China’s successful landing of a rover on the Moon and India’s launch of a probe to orbit Mars are reminders not only of the growing technical capabilities of both nations but also of the depth and breadth of space exploration’s appeal.
Neither achievement comes as a surprise to anybody who’s been paying attention: India and China have long had robust space programs for practical and scientific applications. India launched its first lunar orbiter in 2008, while China, in addition to becoming the third country to independently send people into space and back in 2003, put spacecraft into lunar orbit in 2007 and 2010.
The trickiest part of India’s Mangalyaan mission — insertion into Mars orbit — is still eight months away, but the Indian Space Research Organisation (ISRO) nonetheless deserves congratulations for its accomplishment to date. Getting a probe beyond the clutches of Earth’s gravity is no small feat, as several Earth-orbit-departure failures over the years will attest.
China’s Chang’e-3 mission, meanwhile, was the first soft lunar landing by any country in 37 years — the former Soviet Union last accomplished the feat in 1976 with a robotic mission that returned lunar soil samples to Earth. The Chinese lander included a 140-kilogram rover dubbed Yutu, which is designed for three months of operations on the surface. China is now just the third country to carry out a soft landing on another celestial body.
China — contrary to what many people seem to think these days — is not made of money, and neither is India, yet both see fit to expend considerable resources on missions like Mangalyaan and Chang’e-3. A thirst for scientific knowledge is one driver, but clearly leaders in Beijing and New Delhi also put substantial stock in the intangible benefits of space exploration. These include not only stoking national pride and demonstrating technological prowess but also satisfying an innate human urge to see what lies beyond the next horizon.
Their achievements to date, along with their future ambitions — China appears to be planning a lunar sample return mission, for example — raise obvious questions about the role China and India could play in international cooperative space endeavors. Both have done bilateral missions, but nothing of the scale of, say, the NASA-led Cassini probe to Saturn or the European Space Agency-led Rosetta comet rendezvous mission. And of course, neither has a role in the mother of all cooperative space endeavors: the international space station.
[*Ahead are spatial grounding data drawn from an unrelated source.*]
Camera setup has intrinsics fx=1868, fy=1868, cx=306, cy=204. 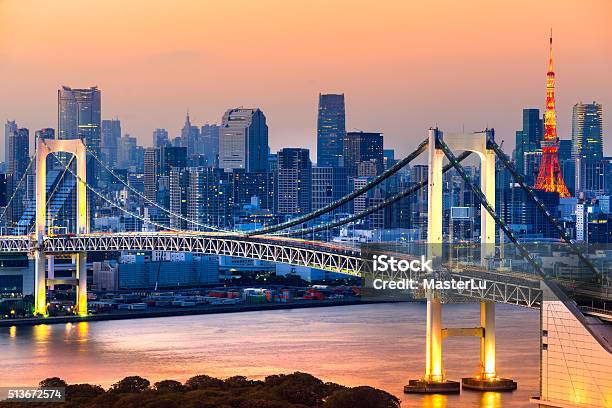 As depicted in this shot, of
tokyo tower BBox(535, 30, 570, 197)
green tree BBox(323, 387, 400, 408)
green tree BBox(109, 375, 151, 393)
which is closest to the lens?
green tree BBox(323, 387, 400, 408)

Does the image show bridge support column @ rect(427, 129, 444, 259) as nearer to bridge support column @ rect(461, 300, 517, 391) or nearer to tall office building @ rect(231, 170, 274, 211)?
bridge support column @ rect(461, 300, 517, 391)

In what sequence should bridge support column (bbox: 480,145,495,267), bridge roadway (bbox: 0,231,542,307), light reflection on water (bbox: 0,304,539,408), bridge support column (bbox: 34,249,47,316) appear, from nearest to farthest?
bridge roadway (bbox: 0,231,542,307), bridge support column (bbox: 480,145,495,267), light reflection on water (bbox: 0,304,539,408), bridge support column (bbox: 34,249,47,316)

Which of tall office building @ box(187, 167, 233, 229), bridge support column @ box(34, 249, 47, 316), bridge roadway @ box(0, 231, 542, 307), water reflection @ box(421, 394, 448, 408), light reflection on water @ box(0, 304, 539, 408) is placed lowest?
water reflection @ box(421, 394, 448, 408)

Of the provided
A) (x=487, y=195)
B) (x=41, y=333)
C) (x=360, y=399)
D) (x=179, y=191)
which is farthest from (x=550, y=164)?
(x=360, y=399)

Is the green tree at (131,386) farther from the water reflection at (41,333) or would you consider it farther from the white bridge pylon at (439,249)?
the water reflection at (41,333)

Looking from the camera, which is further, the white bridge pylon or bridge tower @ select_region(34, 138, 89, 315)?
bridge tower @ select_region(34, 138, 89, 315)

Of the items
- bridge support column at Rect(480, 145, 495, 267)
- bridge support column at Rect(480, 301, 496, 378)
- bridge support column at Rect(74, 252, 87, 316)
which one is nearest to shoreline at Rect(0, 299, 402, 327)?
bridge support column at Rect(74, 252, 87, 316)

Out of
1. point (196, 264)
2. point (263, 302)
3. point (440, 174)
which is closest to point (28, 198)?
point (196, 264)

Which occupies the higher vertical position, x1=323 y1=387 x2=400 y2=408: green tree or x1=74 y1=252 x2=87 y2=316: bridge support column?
x1=74 y1=252 x2=87 y2=316: bridge support column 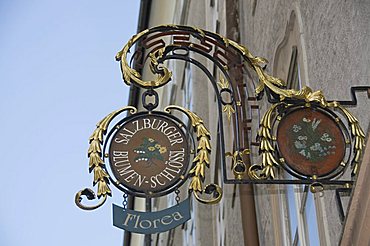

One of the biggest barriers China and India face to broader global cooperation is of course the United States, which has long had differences with both over such issues as weapons proliferation and nuclear activities. China’s growing space capability, while intriguing, is a source of great concern in the Pentagon, the White House and on Capitol Hill. China’s 2007 anti-satellite test reinforced the worst U.S. suspicions about its intentions in space, and Congress has gone so far as to pass measures effectively barring NASA from doing business with Chinese organizations.
The good news is that the United States and India seem to be inching toward closer space ties under a decade-old diplomatic initiative known as the Next Steps in Strategic Partnership. India’s Chandrayaan-1 lunar orbiter carried NASA- and ESA-supplied instruments, for example.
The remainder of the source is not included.